- [EXERCISE]: As you work through the listing below, copy each line exactly and drop the images.

- [RAW DATA]:
===

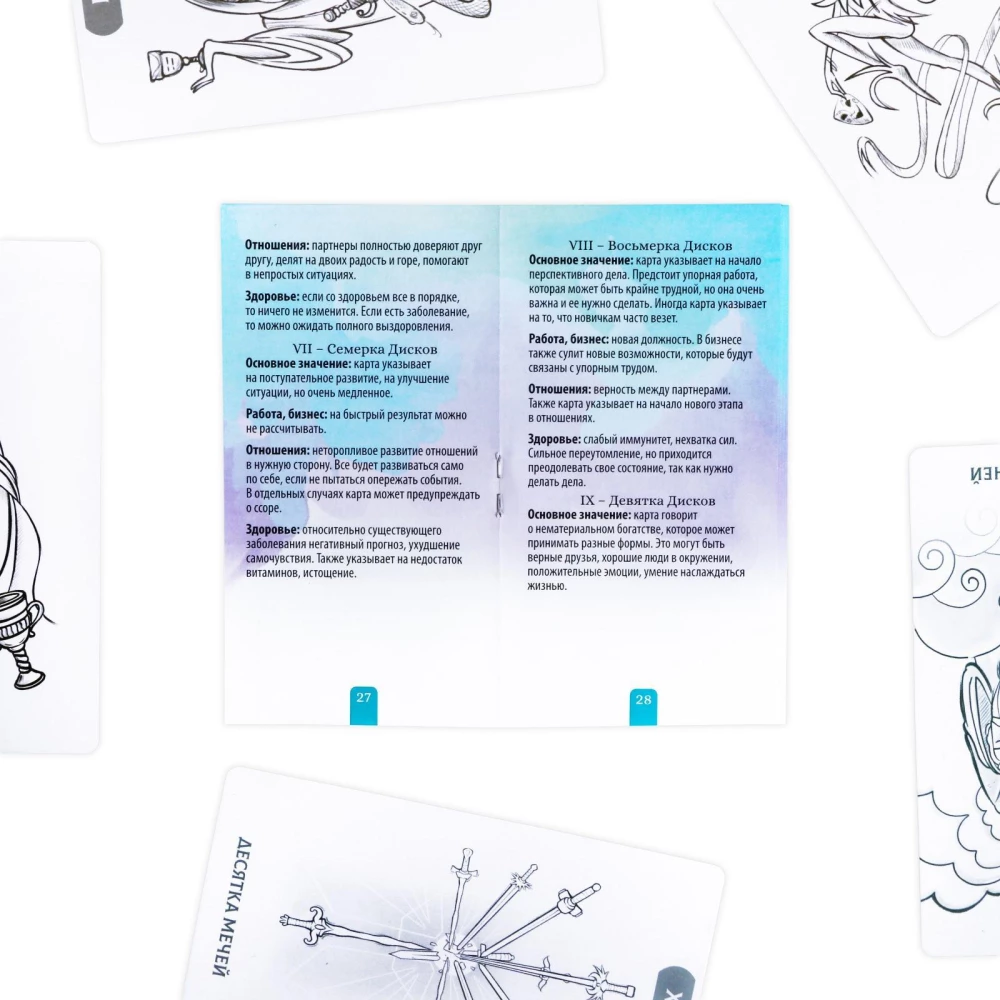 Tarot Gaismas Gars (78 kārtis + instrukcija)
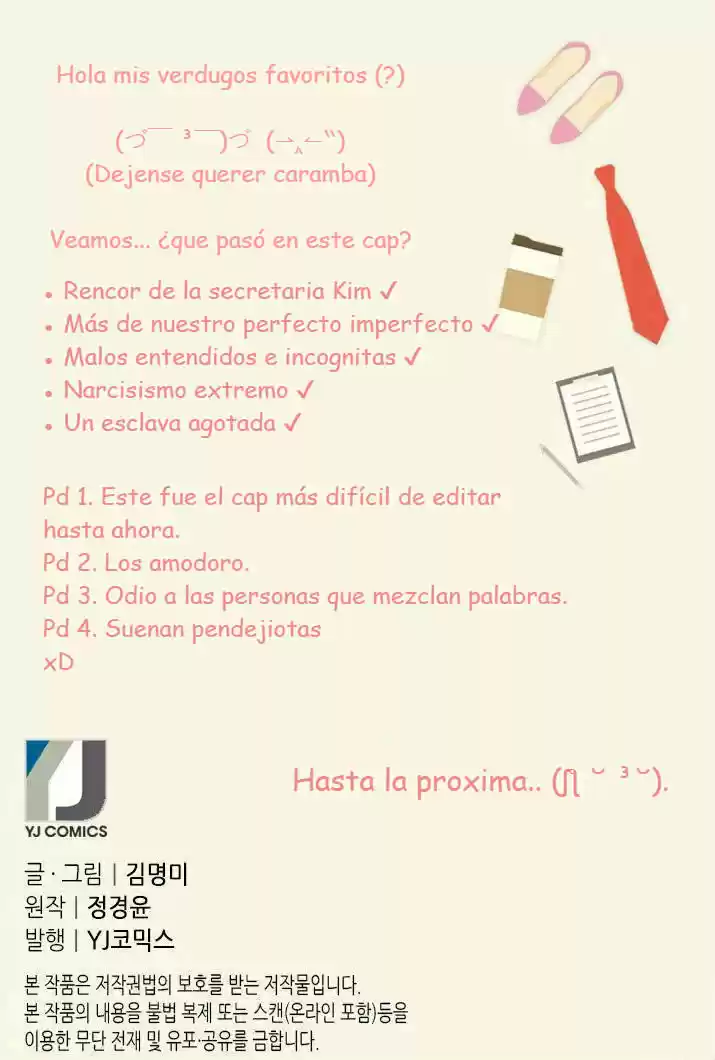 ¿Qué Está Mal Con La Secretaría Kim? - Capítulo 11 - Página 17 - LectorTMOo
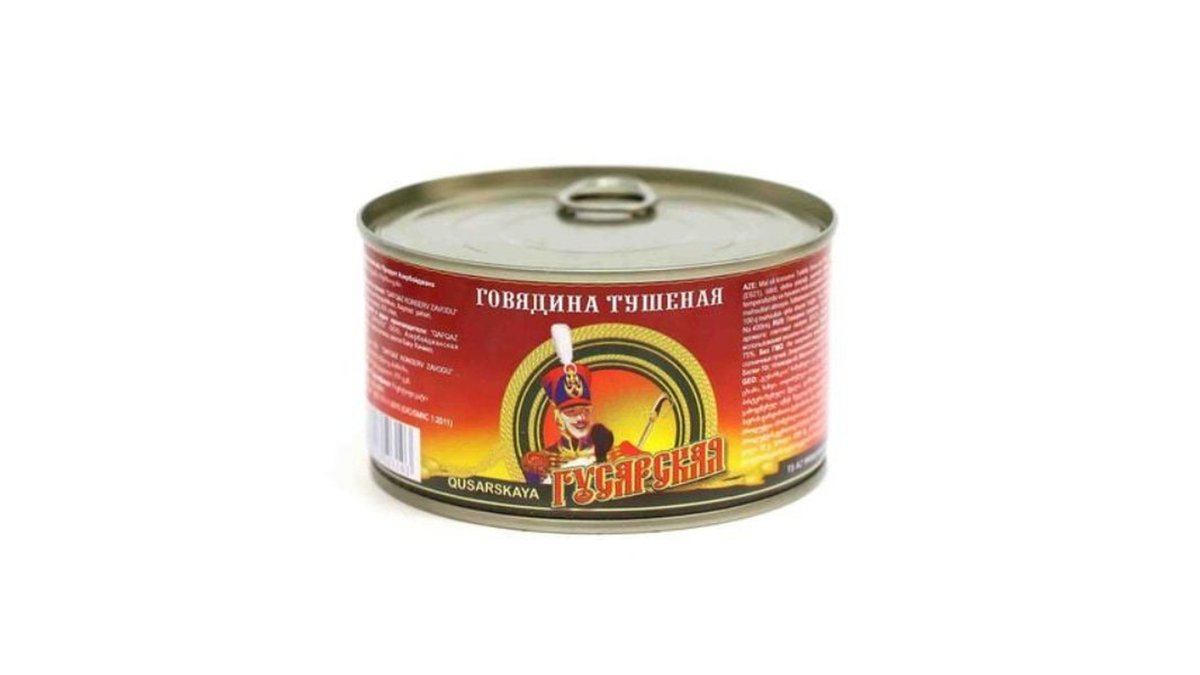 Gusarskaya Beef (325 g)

===

- [RESULT OF THE TASK]:
 Tarot Gaismas Gars (78 kārtis + instrukcija)
 ¿Qué Está Mal Con La Secretaría Kim? - Capítulo 11 - Página 17 - LectorTMOo
 Gusarskaya Beef (325 g)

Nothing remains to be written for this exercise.